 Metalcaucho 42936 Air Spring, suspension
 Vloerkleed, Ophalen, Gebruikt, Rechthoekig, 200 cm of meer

* * *

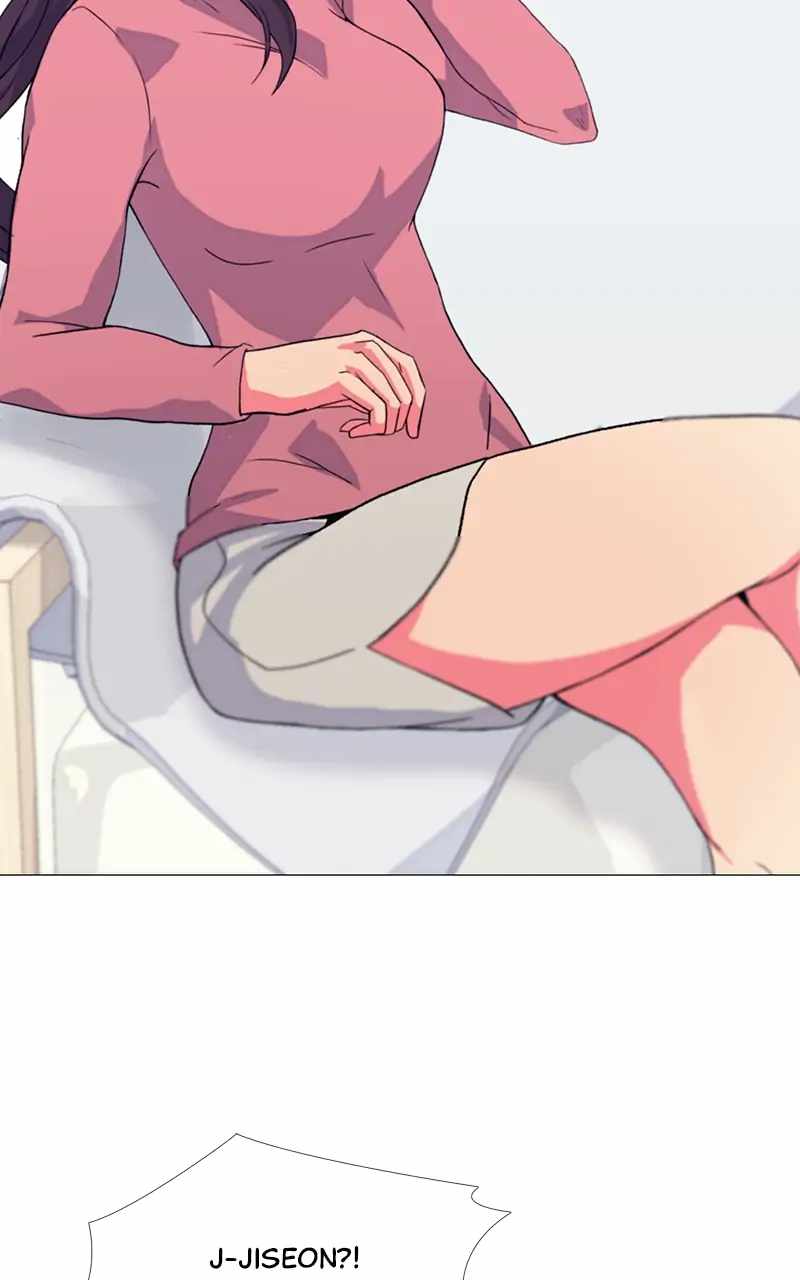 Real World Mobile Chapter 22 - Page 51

* * *

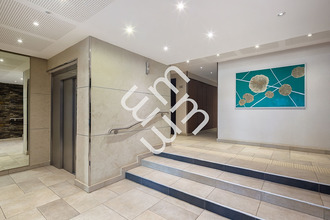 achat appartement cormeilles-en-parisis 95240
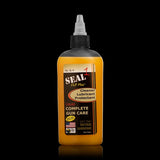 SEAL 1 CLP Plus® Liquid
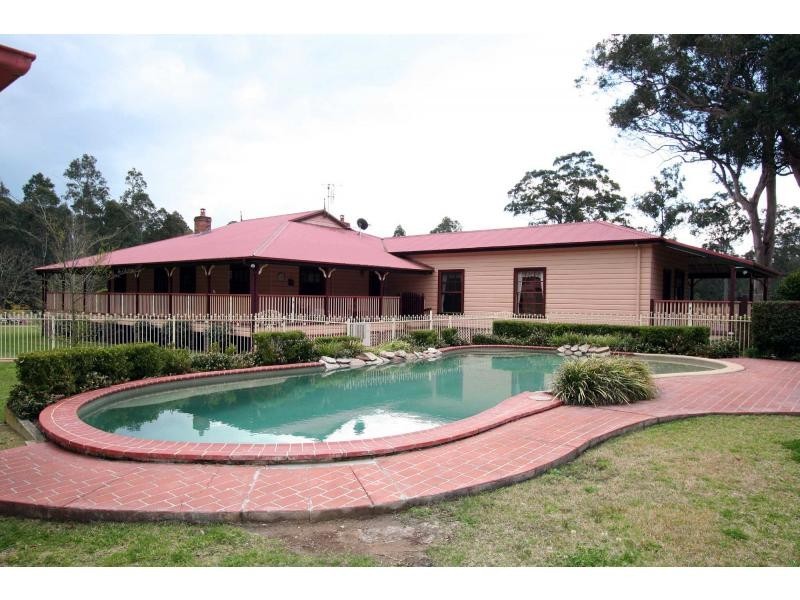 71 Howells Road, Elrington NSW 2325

→ TASK INSTRUCTIONS: Leave the pictures out. Output, exactly, the lines of the material above starting at the line containing "SEAL 1 CLP Plus® Liquid" and ending at the line containing "71 Howells Road, Elrington NSW 2325".

→ OUTPUT OF THE TASK:
 SEAL 1 CLP Plus® Liquid
 71 Howells Road, Elrington NSW 2325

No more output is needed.